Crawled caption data
--------
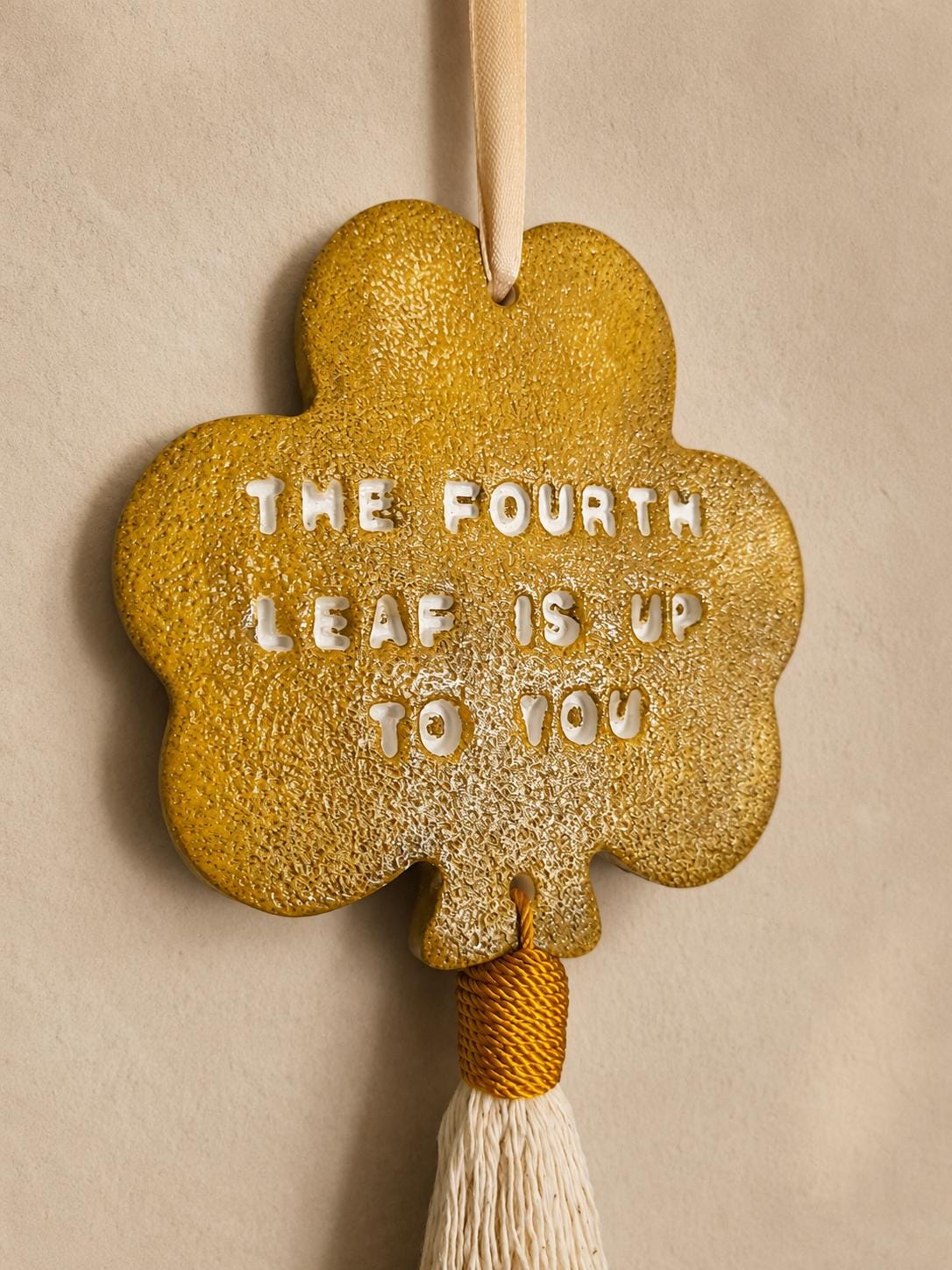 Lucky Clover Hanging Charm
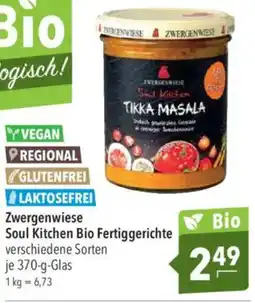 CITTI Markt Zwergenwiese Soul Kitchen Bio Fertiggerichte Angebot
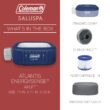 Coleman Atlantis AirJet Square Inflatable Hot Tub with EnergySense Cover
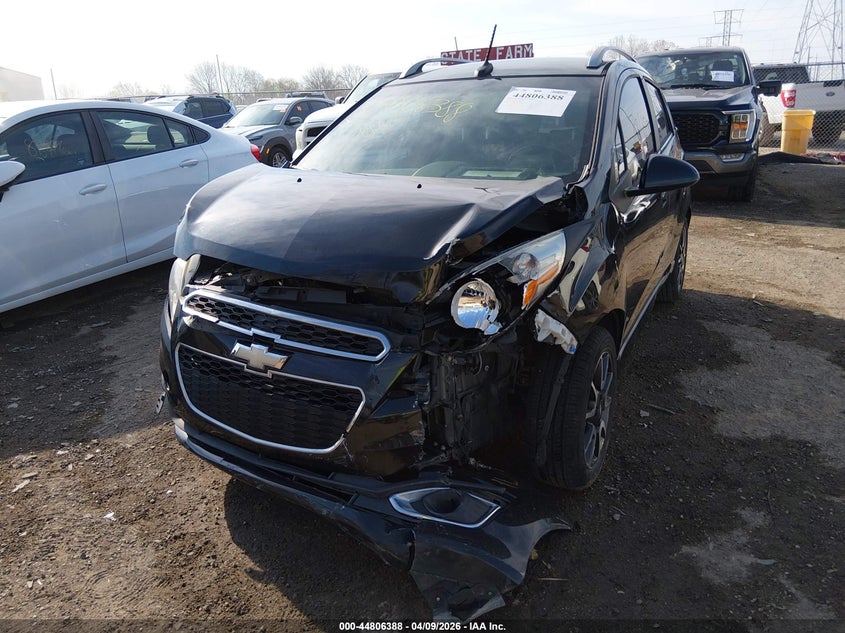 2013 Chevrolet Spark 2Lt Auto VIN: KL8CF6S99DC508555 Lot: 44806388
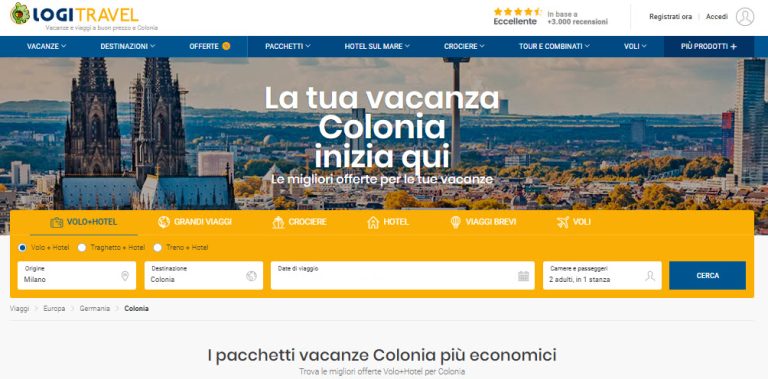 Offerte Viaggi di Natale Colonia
--------
:: What the task requires ::
Reproduce, word for word, the lines from the one containing "Coleman Atlantis AirJet" through the final line above. Leave every picture out.

:: Exercise answer ::
 Coleman Atlantis AirJet Square Inflatable Hot Tub with EnergySense Cover
 2013 Chevrolet Spark 2Lt Auto VIN: KL8CF6S99DC508555 Lot: 44806388
 Offerte Viaggi di Natale Colonia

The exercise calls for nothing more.